**Work to be completed**
Omit every picture while you reproduce the entries that follow word for word.
━━━━━ Material provided
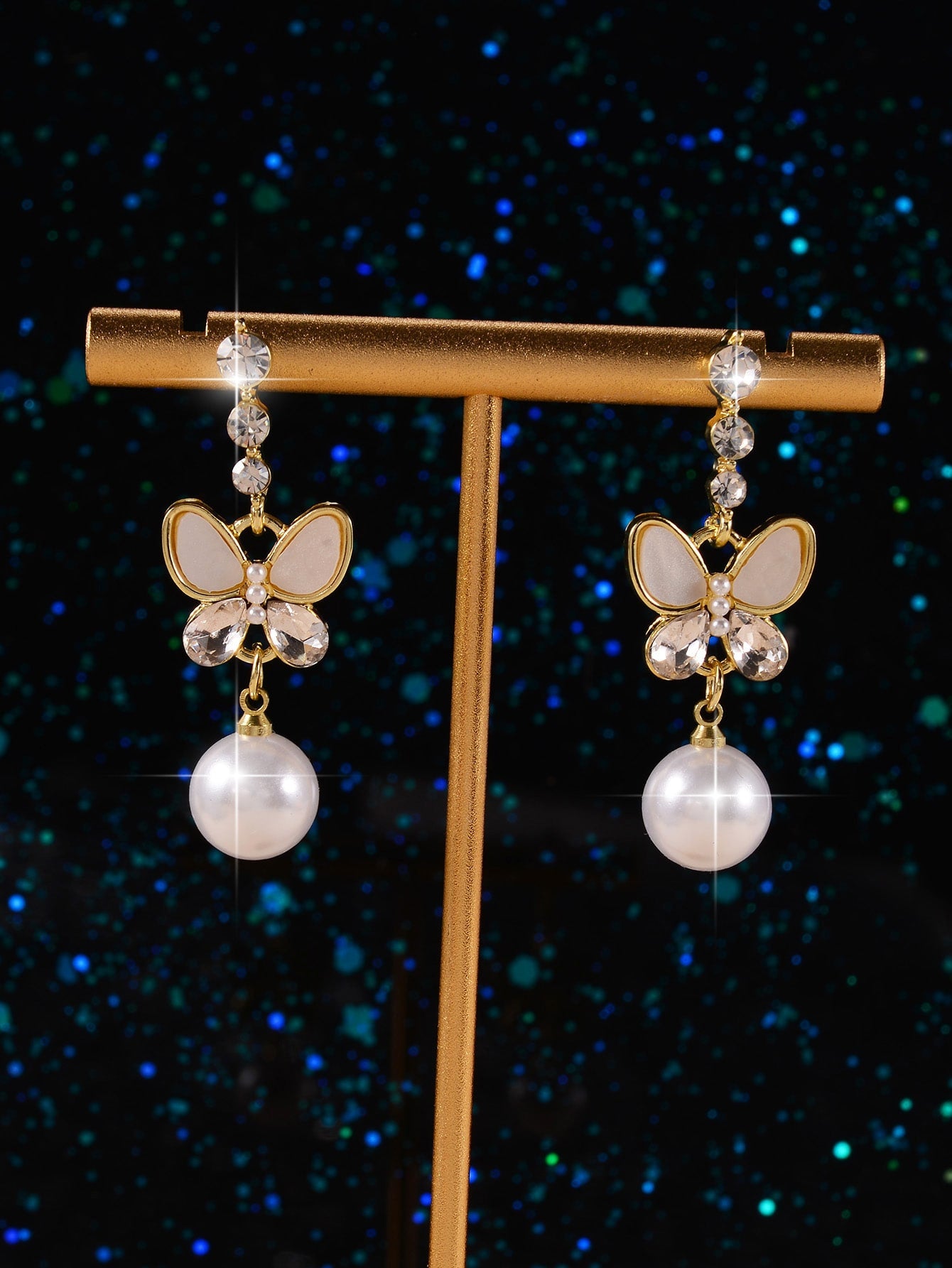 1 Pair Elegant Classic Style Shiny Butterfly Inlay Copper Rhinestones Pearl Drop Earrings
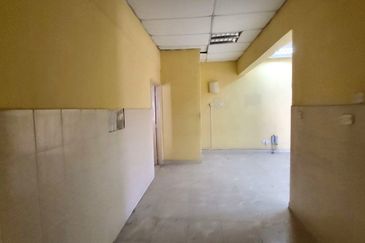 Oakland Commercial Centre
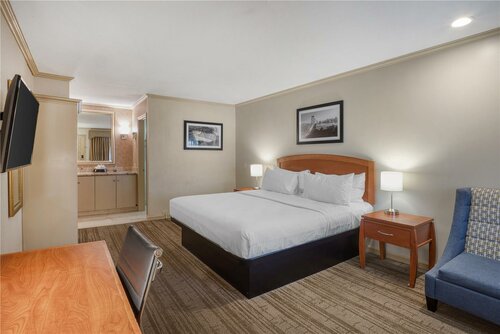 SureStay Plus Hotel by Best Western Mountain View, Забронировать Отель Отели Silicon Valley с бассейном, Бассейн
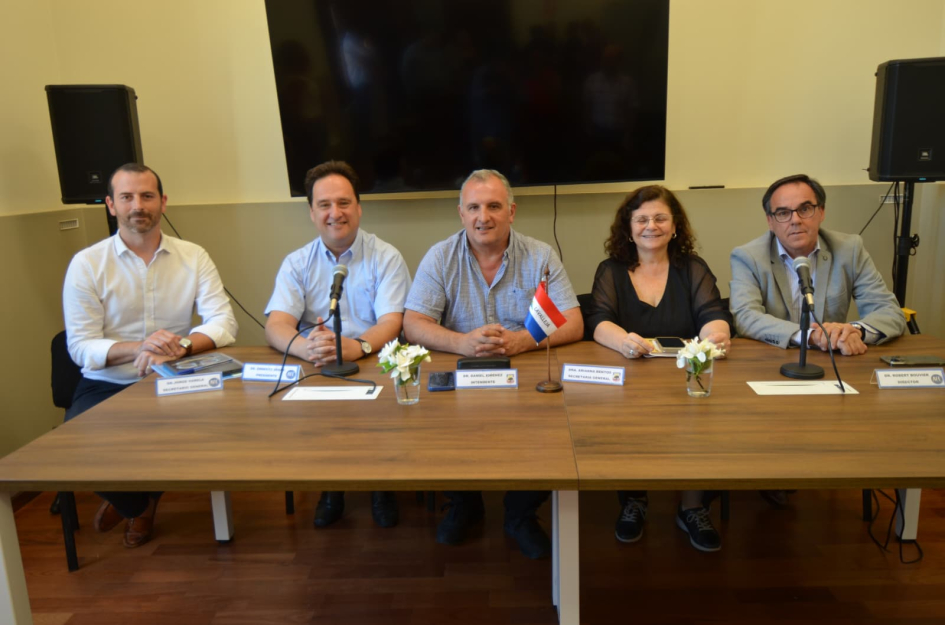 Intendente Ximénez, directores de la intendencia y presidente de AFE visitaron la Estación de AFE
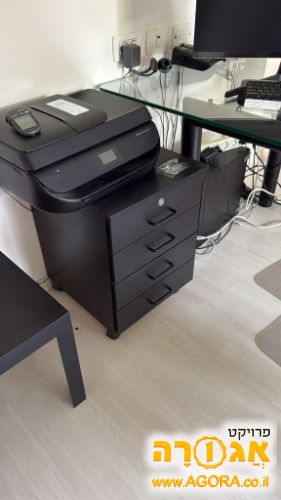 מגרות משרד שחורות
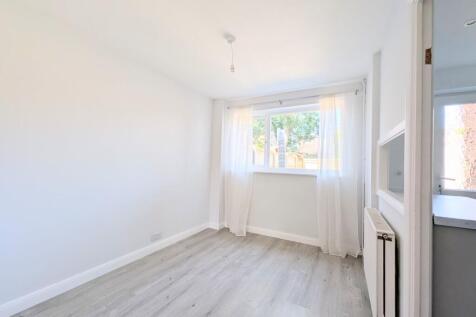 Sycamore Avenue, Horsham, RH12 photo 5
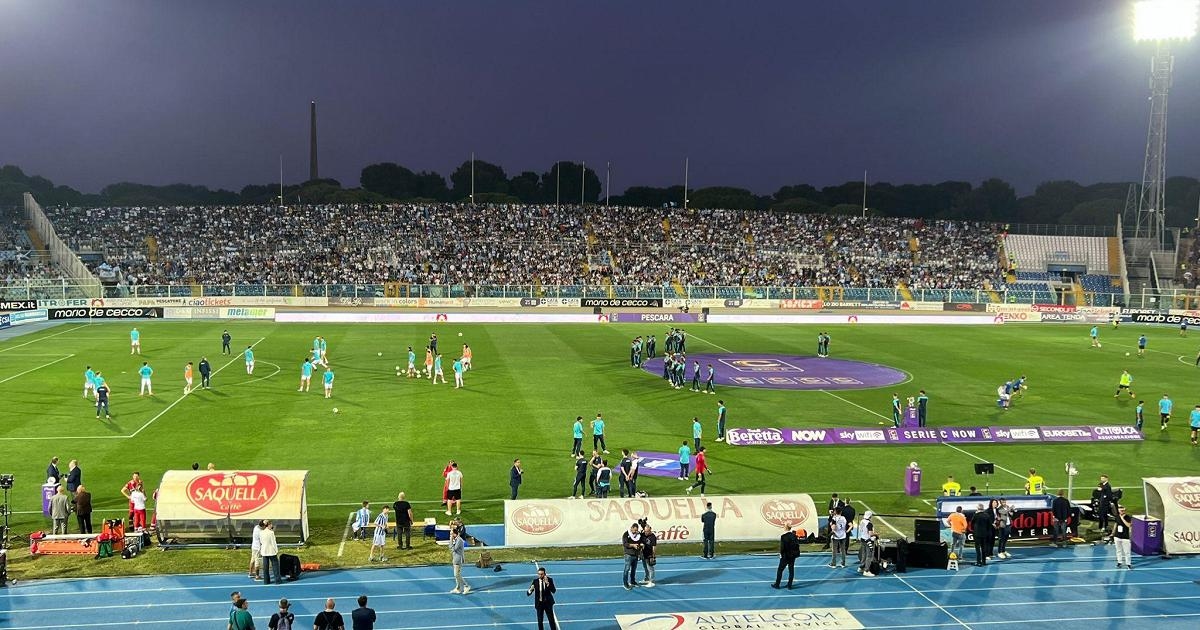 Voetbal, groot feest in Pescara bij terugkeer naar Serie B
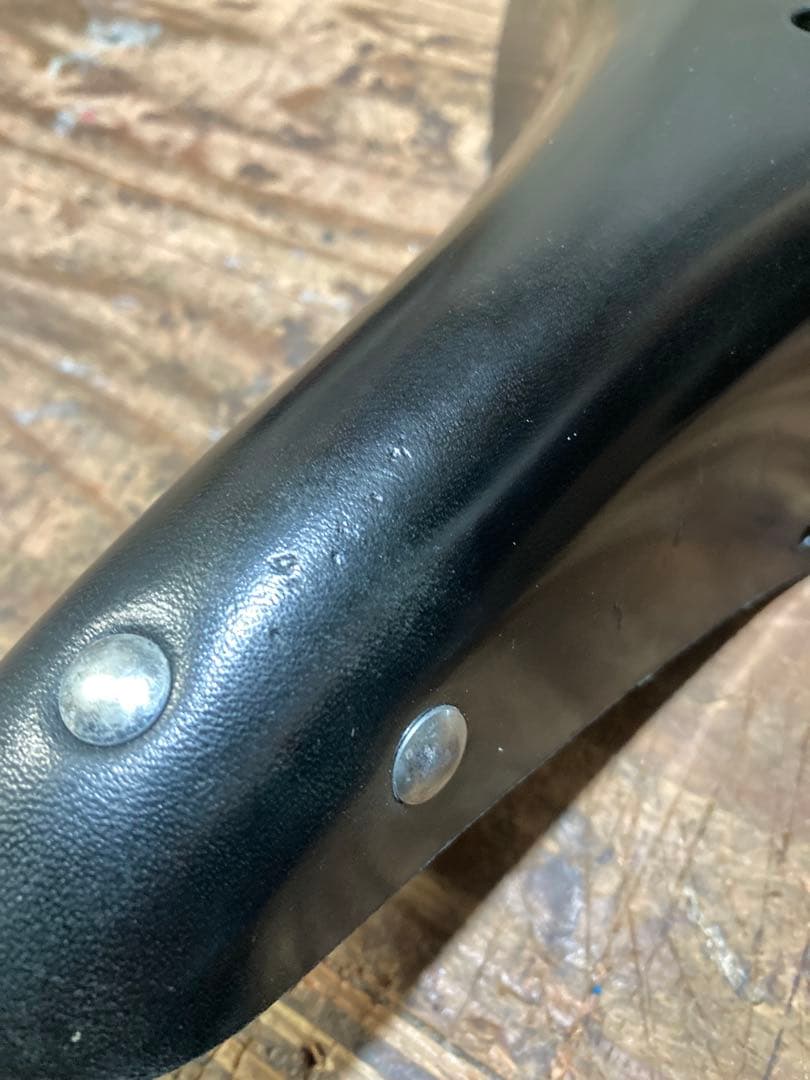送料無料 傷有 B品 サドル 革 黒 SURLY 自転車 MTB BROOKS
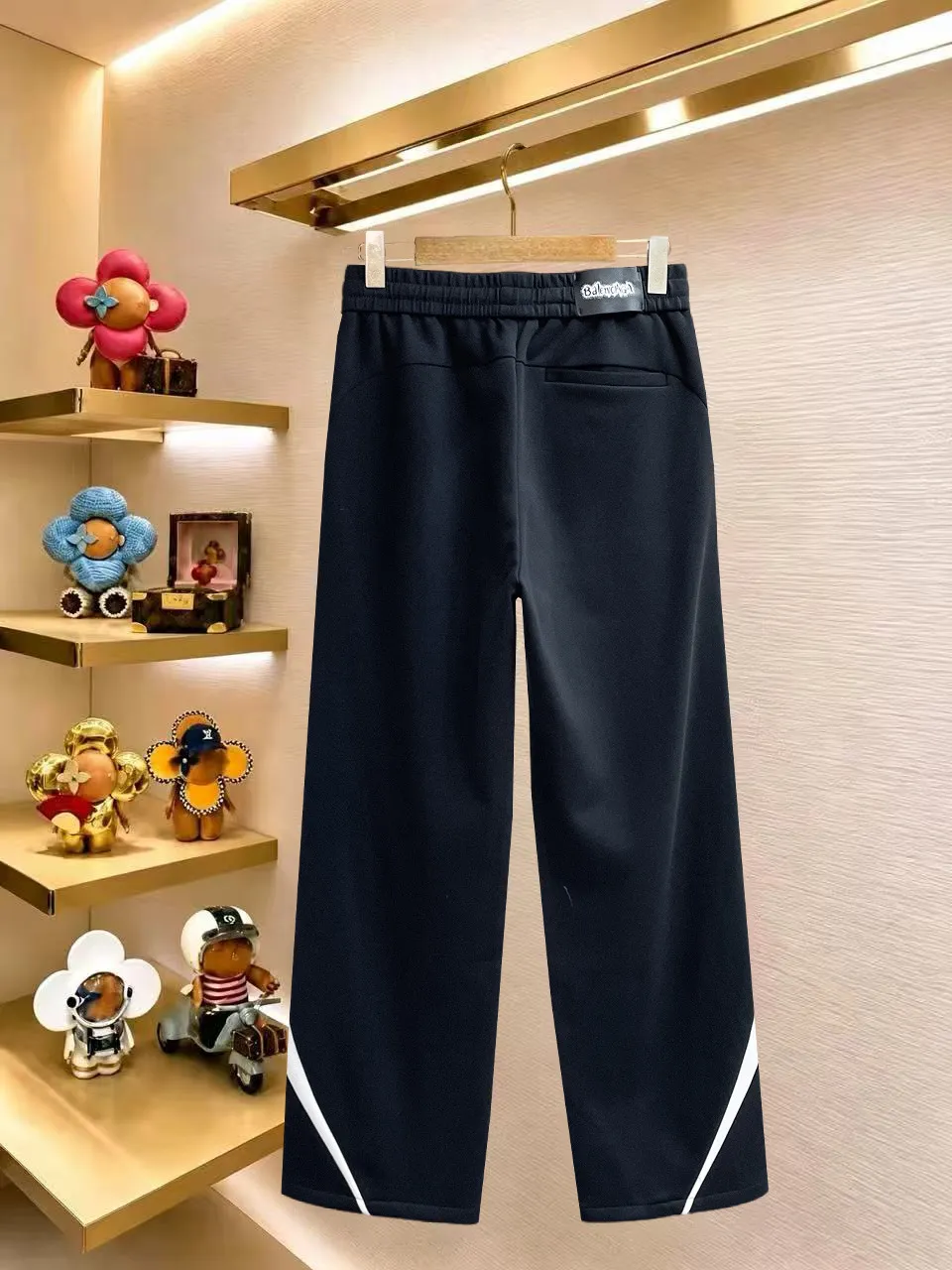Balenciaga [High Version] 2026 Autumn and Winter latest products, available at counters at the same time, Original product, fashionable casual trousers and casual trousers, using imported original fabrics, top-grade embroidery 🪡 craft letter pattern logo, original hardware accessories decoration, simple yet fashionable, fashionable and handsome upper body, Sizes: M-3XL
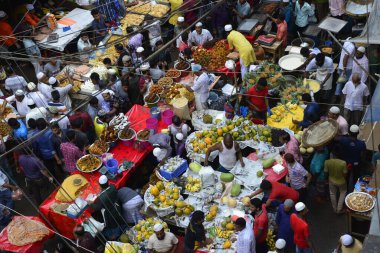 Tebeşir Çarşısı 'ndaki geleneksel Ifter pazarına bakıldığında, Bangladeş' in Dhaka kentindeki Kutsal Ramazan ayının ilk günü olarak görülüyor. 28 Mayıs 2017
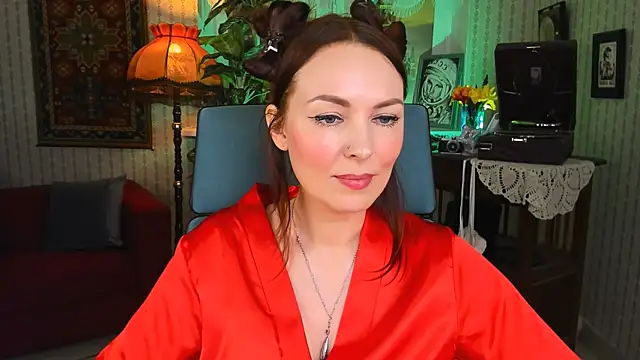 Snapshot of VandaRossi chatting on 03-09-25, 08:18 VandaRossi online show from 03-09-25, 08:18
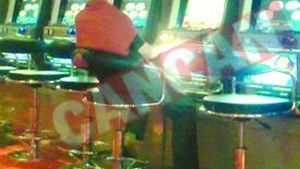 Si-a pierdut nopatea la "pacanele"!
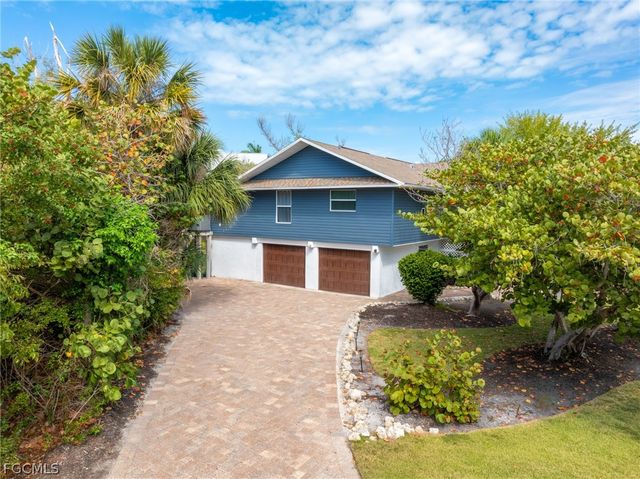 1813 Long Point LN, Sanibel, FL 33957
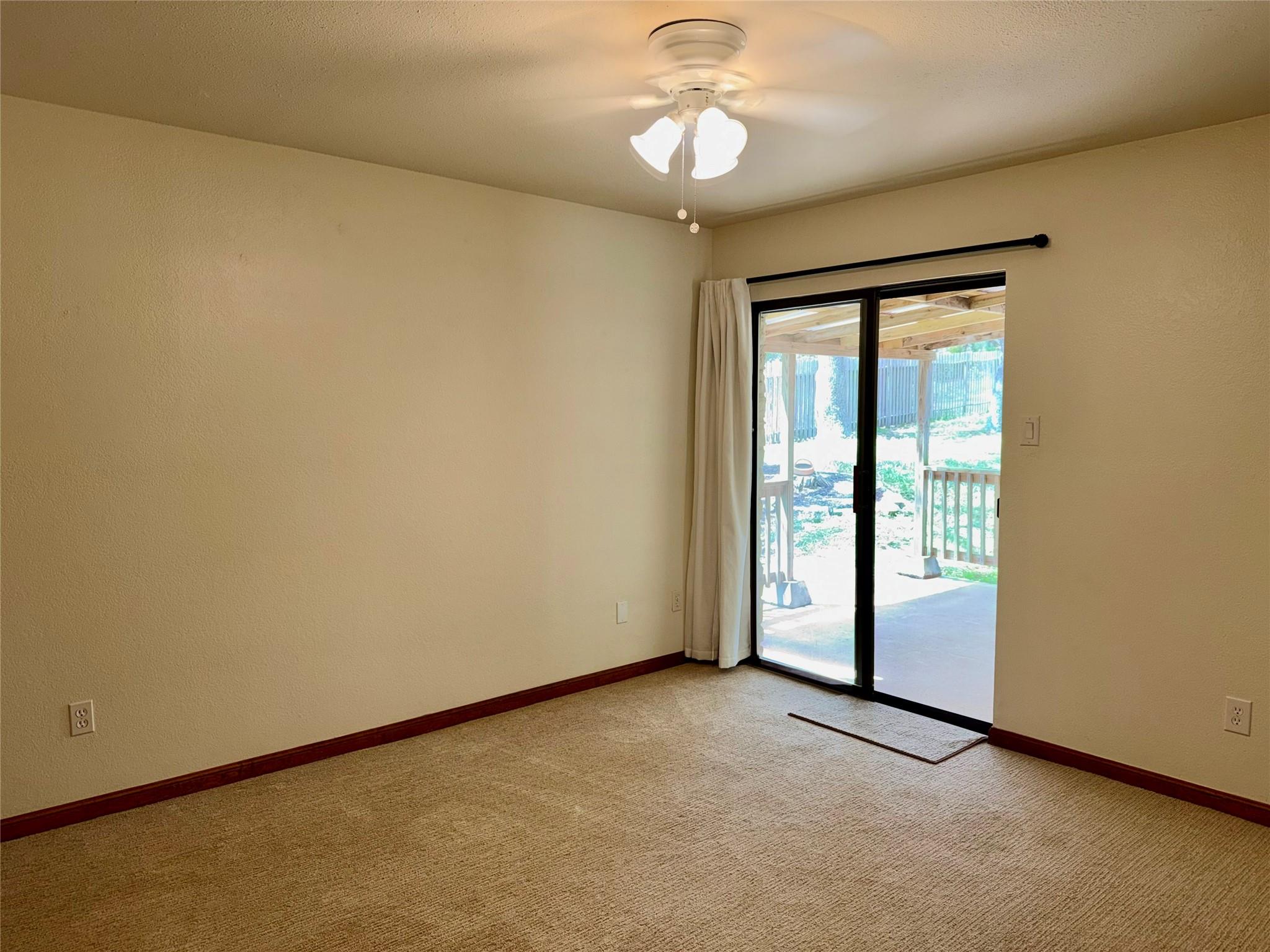 349 Fantail Loop #b Property Photo 3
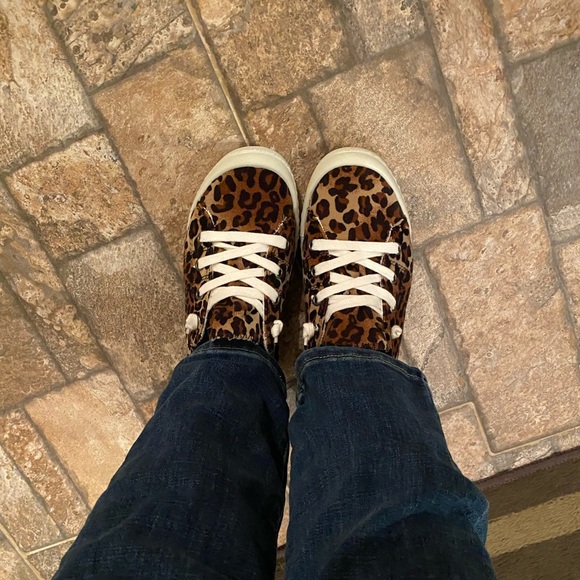 💍BOUTIQUE💍🆕 Leopard Print Sneakers only 3 left - Picture 2 of 6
━━━━━━━━━━
**Exercise output**
 1 Pair Elegant Classic Style Shiny Butterfly Inlay Copper Rhinestones Pearl Drop Earrings
 Oakland Commercial Centre
 SureStay Plus Hotel by Best Western Mountain View, Забронировать Отель Отели Silicon Valley с бассейном, Бассейн
 Intendente Ximénez, directores de la intendencia y presidente de AFE visitaron la Estación de AFE
 מגרות משרד שחורות
 Sycamore Avenue, Horsham, RH12 photo 5
 Voetbal, groot feest in Pescara bij terugkeer naar Serie B
送料無料 傷有 B品 サドル 革 黒 SURLY 自転車 MTB BROOKS
Balenciaga [High Version] 2026 Autumn and Winter latest products, available at counters at the same time, Original product, fashionable casual trousers and casual trousers, using imported original fabrics, top-grade embroidery 🪡 craft letter pattern logo, original hardware accessories decoration, simple yet fashionable, fashionable and handsome upper body, Sizes: M-3XL
 Tebeşir Çarşısı 'ndaki geleneksel Ifter pazarına bakıldığında, Bangladeş' in Dhaka kentindeki Kutsal Ramazan ayının ilk günü olarak görülüyor. 28 Mayıs 2017
 Snapshot of VandaRossi chatting on 03-09-25, 08:18 VandaRossi online show from 03-09-25, 08:18
 Si-a pierdut nopatea la "pacanele"!
 1813 Long Point LN, Sanibel, FL 33957
 349 Fantail Loop #b Property Photo 3
 💍BOUTIQUE💍🆕 Leopard Print Sneakers only 3 left - Picture 2 of 6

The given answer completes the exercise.